Efficacy and Safety Analysis of Treatment in Patients with EGFR-mutated Advanced NSCLC Who Progressed on TKIs: A Systematic Review and Meta-Analysis

Shuang Zhang¹Rixin Li²Heran Cui²Hui Li^2*

• ¹Department of Thoracic Oncology, Clinical Research Big data Center,Jilin Cancer Hospital, Changchun, China
• ²Biobank,Jilin Cancer Hospital, Changchun, China

Background: The treatment of patients with advanced epidermal growth factor receptor (EGFR)-mutated non-small-cell lung cancer (NSCLC) whose disease progresses after tyrosine-kinase inhibitors (TKIs) treatment has become a research hotspot. Objective: To identify effective and safe treatment options for patients with EGFR-mutated advanced NSCLC who progressed on TKIs. Methods: We searched databases including PubMed, Cochrane Library, and major international conference abstracts (2018–2023) to identify phase II/III randomized controlled trials (RCTs) and single-arm studies of EGFR-mutated advanced NSCLC post-TKI progression from April 2018 to June 2024. Outcomes included progression-free survival (PFS), overall survival (OS), objective response rate (ORR), and grade ≥3 adverse events (AEs), treatment-related AEs (TRAEs), and TRAE-related deaths.
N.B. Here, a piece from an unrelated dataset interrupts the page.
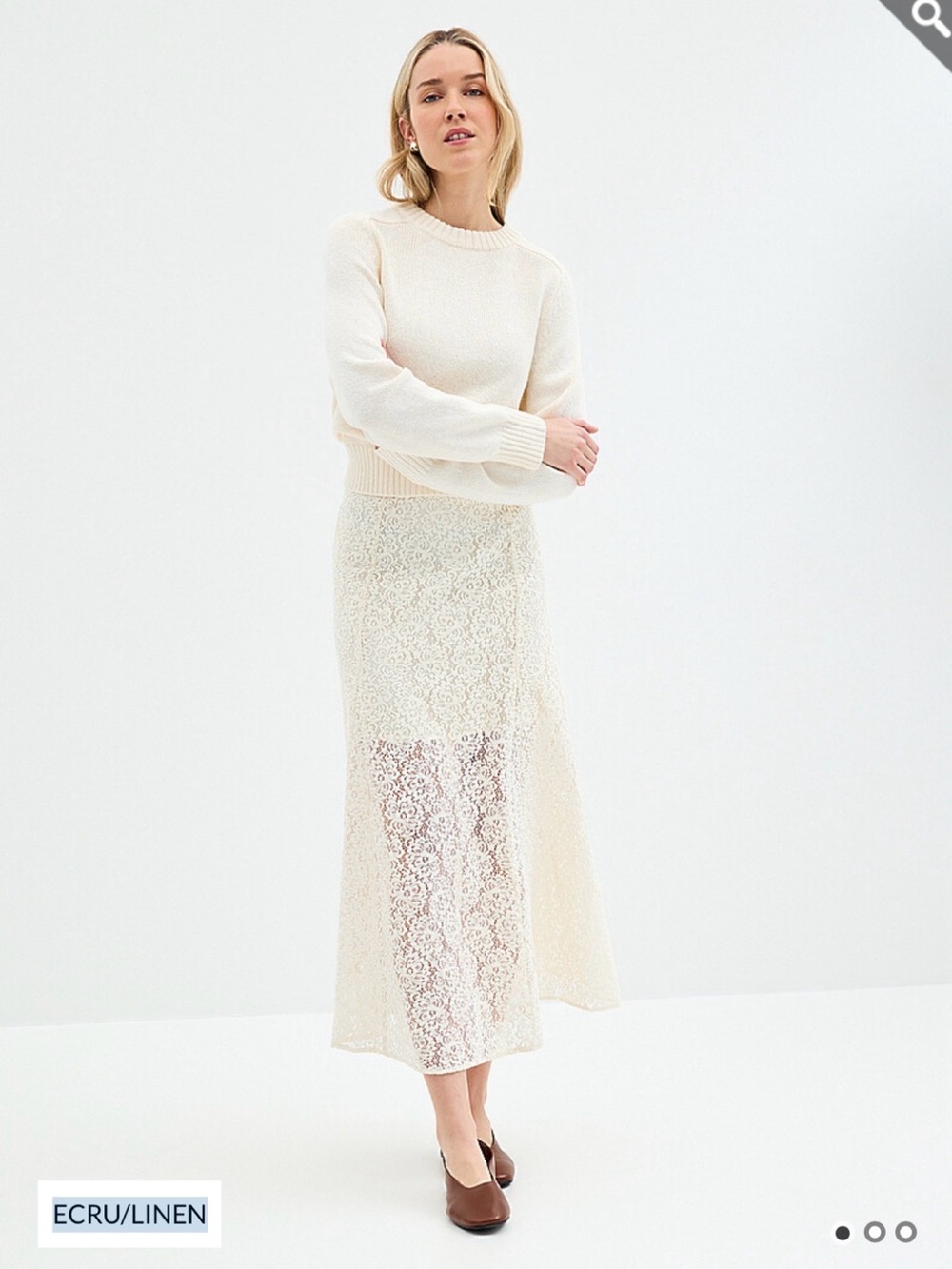 Ecru Lace Maxi Skirt - Women's Elegant Linen Blend by Grace & Mila Paris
Bayesian network meta-analysis and individual patient data (IPD) meta-analysis were performed to compare treatment efficacy and safety. Results: This meta-analysis included randomized controlled trials (RCTs) and 5 single-arm phase 2 trials (3116 patients) evaluating 7 treatment regimens for EGFR-mutated advanced NSCLC post-TKI progression. In the network meta-analysis (NMA), amivantamab plus lazertinib plus chemotherapy (amiva-lazer-chemo) yielded the highest PFS (surface under the cumulative ranking curve [SUCRA]: 0.88; hazard ratio [HR] vs chemotherapy, 0.44; 95% CI, 0.32-0.61), followed by AK112 plus chemotherapy (SUCRA: 0.79; HR, 0.46; 95% CI, 0.32-0.67). All regimens significantly improved PFS compared with chemotherapy alone. Amivantamab plus chemotherapy ranked highest for ORR (SUCRA: 0.82; odds ratios [OR] vs chemotherapy, 3.16; 95% CI, 1.09-9.41). No significant OS differences were observed. Amiva-lazer-chemo had the highest grade ≥3 AE incidence. IPD analysis confirmed superior PFS for amiva-lazer-chemo (median, 8.45 months; 95% CI, 7.02-9.26; HR vs chemotherapy, 0.47; 95% CI, 0.40-0.55; P < .001). Moderate ORR heterogeneity (I² = 52.2%) and high AE heterogeneity (I² = 79.5%-92.1%) were noted. Conclusion: In this meta-analysis of patients with TKI-resistant EGFR-mutated advanced NSCLC, the amiva-lazer-chemo regimen was associated with longer PFS at both the study level and individual patient level. Combination therapy with anti-angiogenic agents also represents a viable treatment strategy for this patient population.